The Bay City school of Negroes, hereafter known as the Booker T. Washington School, is now known as the A. G. Hilliard High School in honor of late A. G. Hilliard I, who stood at the head of the school for many years. The honor conferred upon a worthy man and teacher is a fitting recognition of his worth as a citizen and leader of his race. The only regrettable part about such things is that the one whose memory is remembered never knows it. It is like flowers after death, the beauty and sweetness of which never reach beyond life, even though appreciated by the living. We are glad to know A. G. Hilliard's name now graces the school over which he held exalted sway for so many years, but we wish the honor could have come to him in his consciousness so he could have felt and seen the esteem of those who know him. Mr. A. G. Hilliard II was named principal of the A. G. Hilliard High School after his father's death.
The Board of Trustees originally purchased 6.059 acres out of the E Hall League from one of the four original owners, D. P. Moore, of Bay City for the new school. Chairman Steves read a letter from Nolan Stevens to the Board concerning a tract of land the Board purchased from Nolan Stevens for a Colored school site. Trustees Bussell and Briscoe having made the deal for the property for the school board stated that it was their understanding that the following statement should have been part of the original deed from Nolan Stevens to the Bay City School Board.
"In connection with and as part of the consideration for the execution and delivery to me by you of deed of even date herewith that I will, within thirty days from date of the delivery of such deed, procure at my own expense a licensed surveyor to make a survey on the ground of the tract of land in the E Hall League conveyed to me by such deed: and if such survey shows an acreage in excess of fourteen acres, I will pay you an additional consideration for the conveyance of such land the sum of One Hundred and Fifty Dollars per acre for each such acre contained in said tract in excess of said fourteen acres; if such survey shows an acreage less than fourteen acres, you agree to return to us, out of the consideration paid for such conveyance, the sum of One Hundred Fifty Dollars per acre for each acre less than fourteen acres contained in such tract."
This statement having been left out of the original deed, he question of paying for the additional 1.55 acres arose.
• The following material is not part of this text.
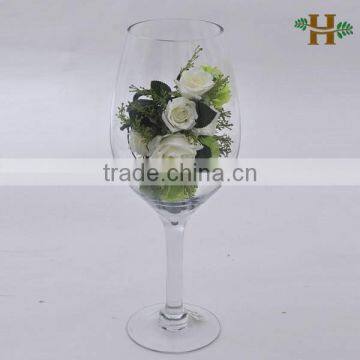 wholesale martini glass vases centerpieces,giant wine glass vase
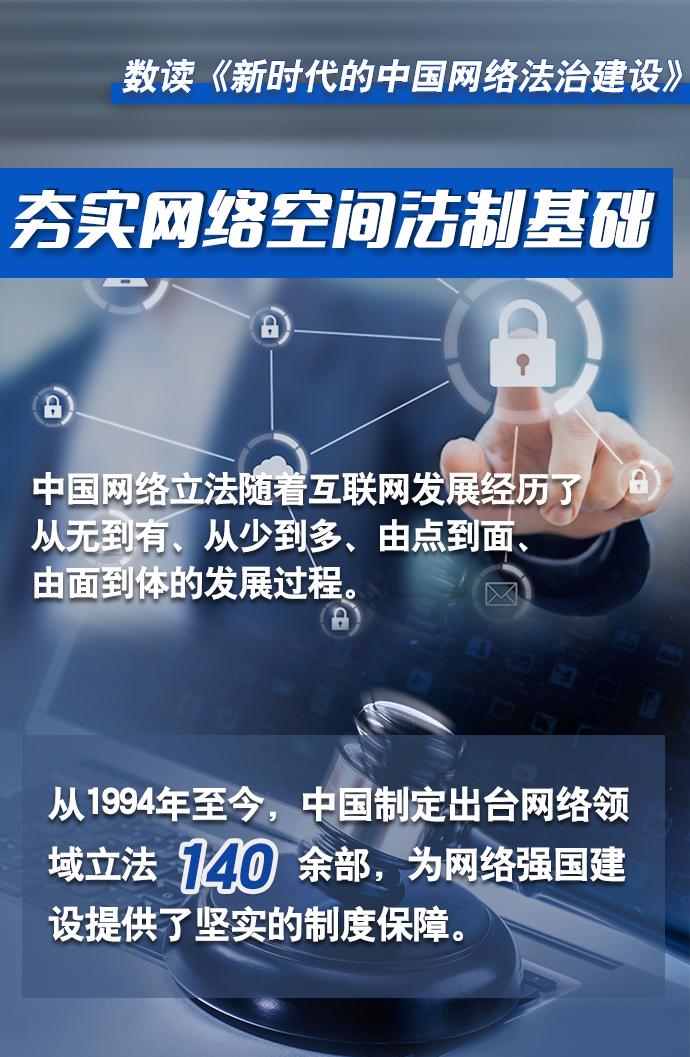 七组数据看“新时代的中国网络法治建设”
It was the opinion of the Board that the Board was morally obligated to pay Nolan Stevens for the excess acres. Upon motion by Trustee Bussell, duly seconded by Trustee Shoultz that the Board of Trustees pay Nolan Stevens for the additional 1.55 acres of land at the rate of $150.00 per acre. Voting yea were Trustees Steves, Matchett, Briscoe, Shoultz and Bussell and duly seconded by Trustee Shoultz and unanimously carried the Board voted that if this action of the Board of Trustees was ever contested, that the individual members would pay the same out of their own pockets.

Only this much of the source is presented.